For our AICrossSim/clm-1.1b, we sweep x_p_frac and w_p_frac and observe how perplexity and generated texts changes.

Here are some samples of the generated texts: link

Notably, when the perplexity is increase by 1%, the generated text are consistent with the original text.

Bitflip-Aware Pretraining

Similar to the pretraining of script of AICrossSim-CLM (experiments/llm-bitflip/pretrain/run.py), we offer a experiments/llm-bitflip/pretrain/run.py script to run bitflip-aware pretraining from scratch. The subcommands accepts the same arguments as experiments/llm-bitflip/pretrain/run.py, but with an additional argument for bitflip transform.

  • For example, we can run the following command to run a bitflip-aware pretraining for AICrossSim-CLM-60M on 2 H100 96GB GPUs.

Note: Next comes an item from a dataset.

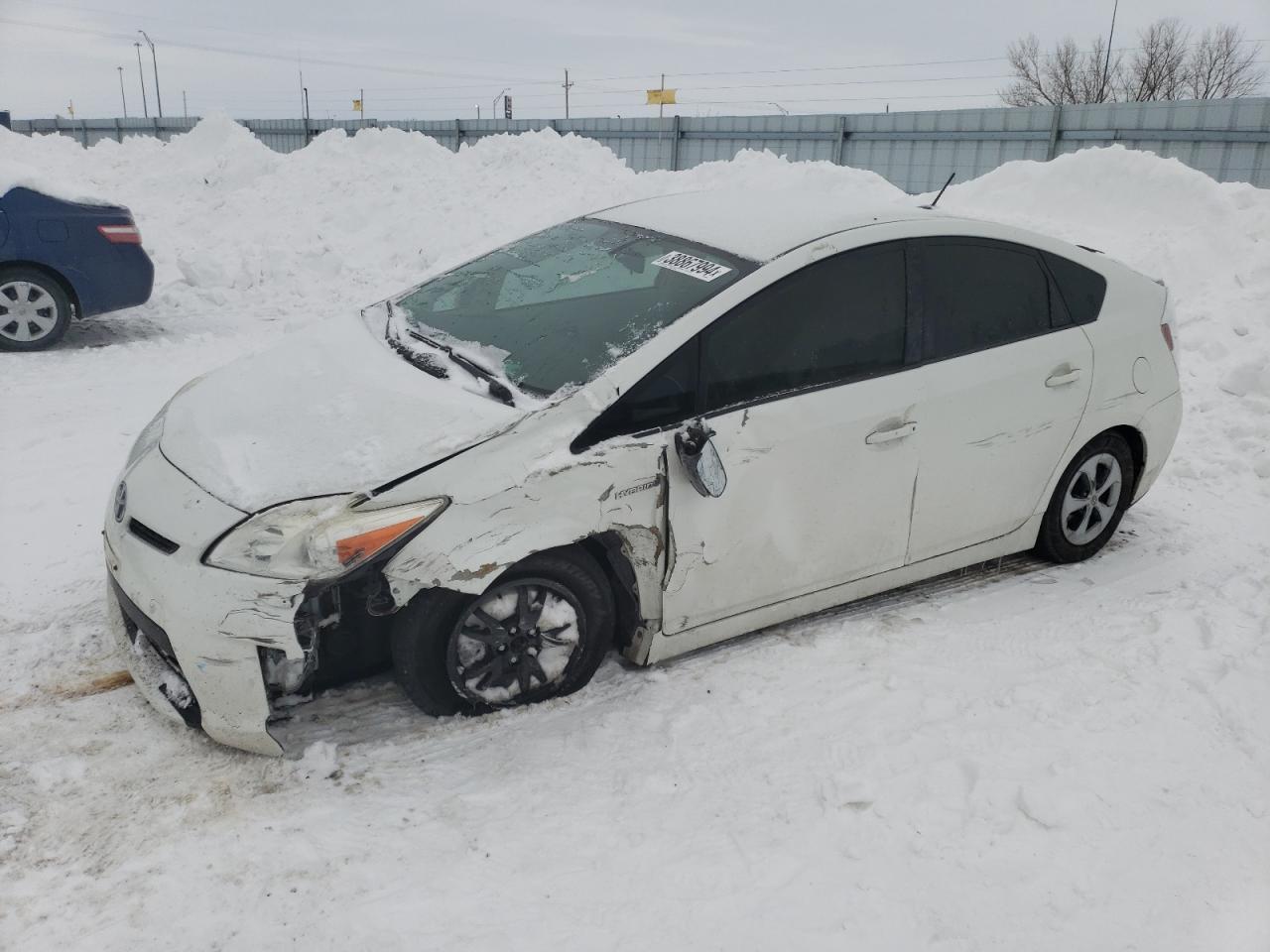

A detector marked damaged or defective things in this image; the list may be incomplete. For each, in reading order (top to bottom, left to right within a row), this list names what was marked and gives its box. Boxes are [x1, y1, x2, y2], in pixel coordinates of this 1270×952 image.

crumpled front bumper [105, 449, 309, 762]
damaged white car [103, 193, 1183, 756]
broken side mirror [675, 420, 726, 502]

    1. Generate a training config with bitflip transform config.

      cd experiments/llm-bitflip/pretrain
      
      bitflip_transform_config="./configs/meta/fc-only-w-a-exp-frac.yaml"
      python run.py generate-cfg \
          ${bitflip_transform_config} \
          --model_arch "aixsim" \
          --model_flavor "60M" \
          --batch_size 48 \
          --data_parallel_replicate_degree 2\
          --data_parallel_shard_degree -1 \
          --token_num_scale 22 \
          --compile "false" \
          --save_path "./configs/tutorial-60m.yaml"
      
    2. Run the pretraining with the generated config.

      num_gpus="2"
      PYTORCH_CUDA_ALLOC_CONF="expandable_segments:True" STREAM_HF_DATA="1" \
      torchrun --nproc_per_node=${num_gpus} --rdzv_backend c10d \
          --rdzv_endpoint="localhost:0" --local-ranks-filter 0 \
          --role rank --tee 3 \
          run.py pretrain \
          --config configs/tutorial-60m.yaml \
          --metrics_args.enable_wandb false
      
    3. Convert the checkpoint to HuggingFace format.

      torchrun_ckpt_path="path/to/torchrun/checkpoint"
      output_dir="path/to/output/dir"
      python run.py convert-ckpt pt2hf \
          "aixsim" "60M" \
          ${torchrun_ckpt_path} \
          ${output_dir}
      

    Our Bitflip-Aware Training Results of AICrossSim-CLM-60M

    We performed bitflip-aware pretraining on AICrossSim-CLM-60M on 2 H100 96GB GPUs for 2.5 hours.